When I look at the CBO's dataset on long-term tax trends, I see plenty of things that are important besides the share of federal tax liabilities. Most important is the top decile's share of the national income. In 2001 the top decile earned 37.5% of the national pretax income. In 2006 the same decile earned 41.6% of the income. In 2001, households in the top decile earned an average pretax income of $294,700. In 2006 it was $366,400.
Why should we be surprised that this group pays more in taxes? It earns more money.
Another trend is the effective tax rate. Between 2001 and 2006, the top effective income tax rate fell from 18.7% to 16%. The top rate for all federal taxes fell from 28.5% to 27.5%. So while the top decile is paying a larger share of federal taxes, it is being taxed at a lower rate.
When you add state and local taxes, most of which are flat or regressive, the share of total income and the share of total taxes match up pretty evenly. Conservatives conveniently leave this out.
And of course, a lot of these numbers don't take into account the multitude of tax breaks, loopholes and work-arounds that have made the actual tax receipts collected less fair over time.

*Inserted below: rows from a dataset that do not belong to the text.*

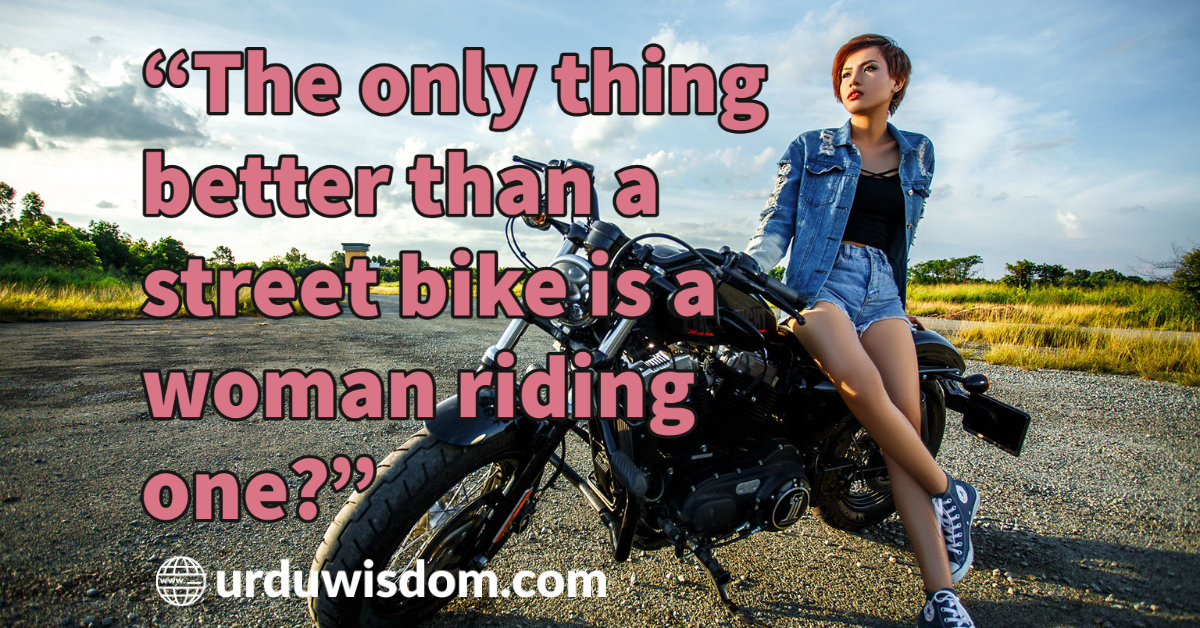 Motorcycle quotes
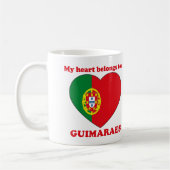 Guimaraes Kaffeetasse (Links)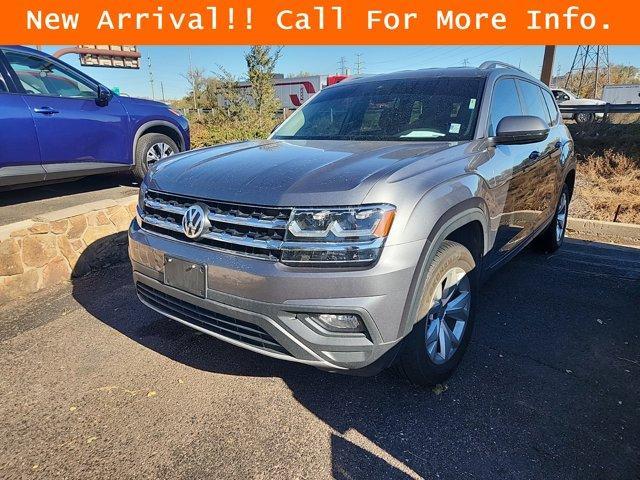 2019 volkswagen atlas 3.6l se w/technology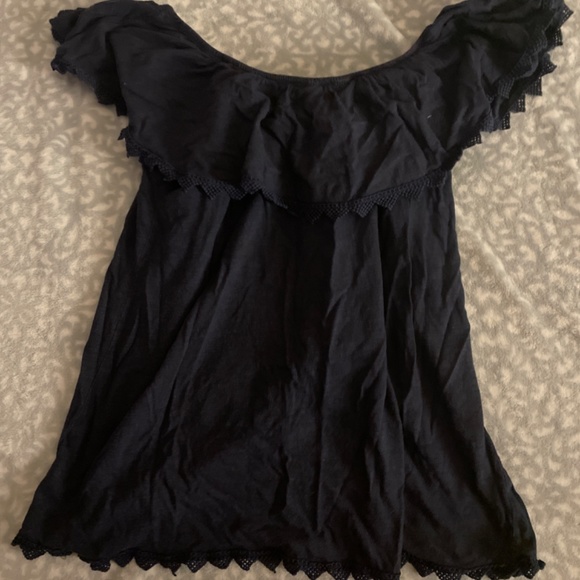 Kids Ruffly Shirt - Picture 2 of 2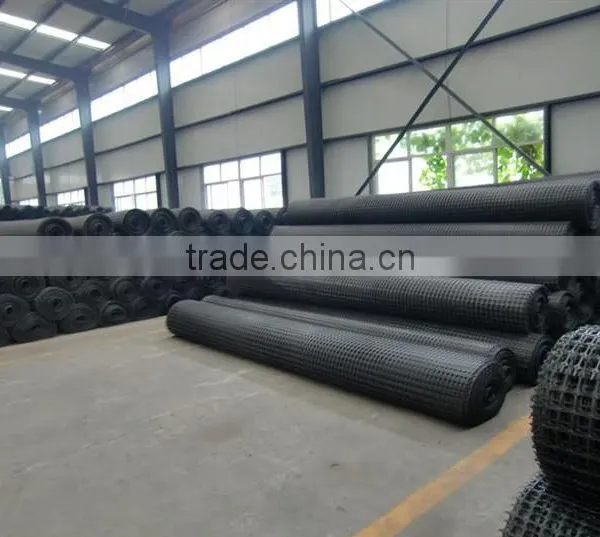 Biaxial PP Geogrid,plastic Grids for Road Construction photo-3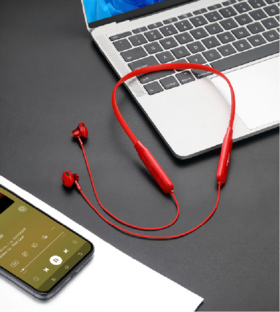 【团购展示】沃品颈戴式运动蓝牙耳机BT26P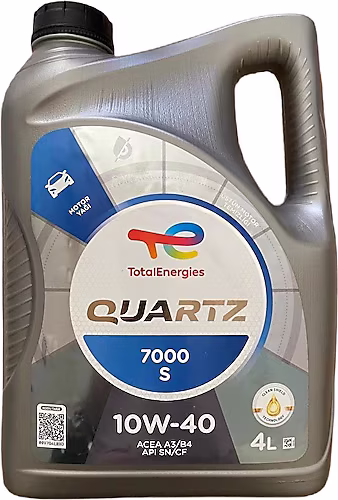 TOTAL QUARTZ 7000 10W40 4 LİTRE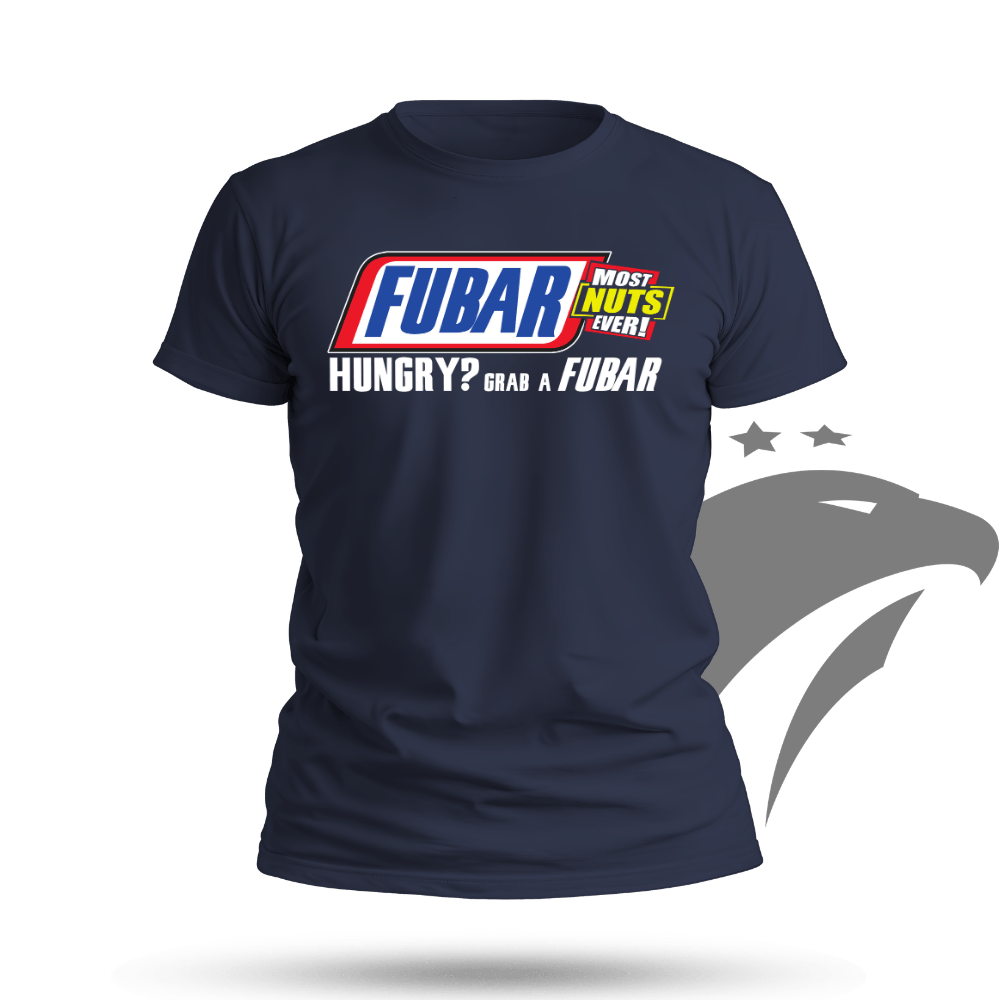 FUBAR Chocolate Bar T-shirt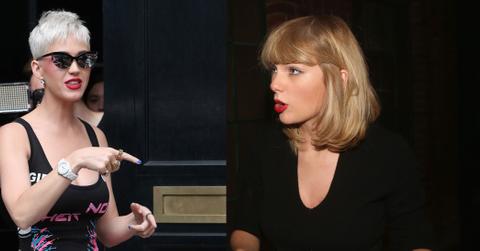 Taylor swift boyfriend negotiating peace katy perry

Thirty years ago, the tax code was broadly progressive, reflecting shared contributions to public investments and our common good. Loopholes were fewer and covered such items as home mortgages that everyone could understand and appreciate.
Now the tax code is a scam. Billionaire hedge fund managers pay taxes at lower rates than their receptionists. Corporations get tax breaks for moving jobs overseas. Oil companies with the largest profits in corporate history receive annual tax breaks worth $14 billion, roughly twice the budget of the Environmental Protection Agency.
While rich people reap tax breaks, working people struggle just to keep even. Adjusted for inflation, weekly wages were lower in 2007 than they were in 1979 [...]
Income inequality is rising — measured by the ratio of after-tax income of the top one percent (1.1 million people) to after-tax income of the whole middle 60 percent (68.3 million people). Top-end taxes are declining — measured as the average effective tax rate of the top one percent. The trend lines for top-end tax cuts and income inequality since 1980 form the X in the chart on this page and in the report.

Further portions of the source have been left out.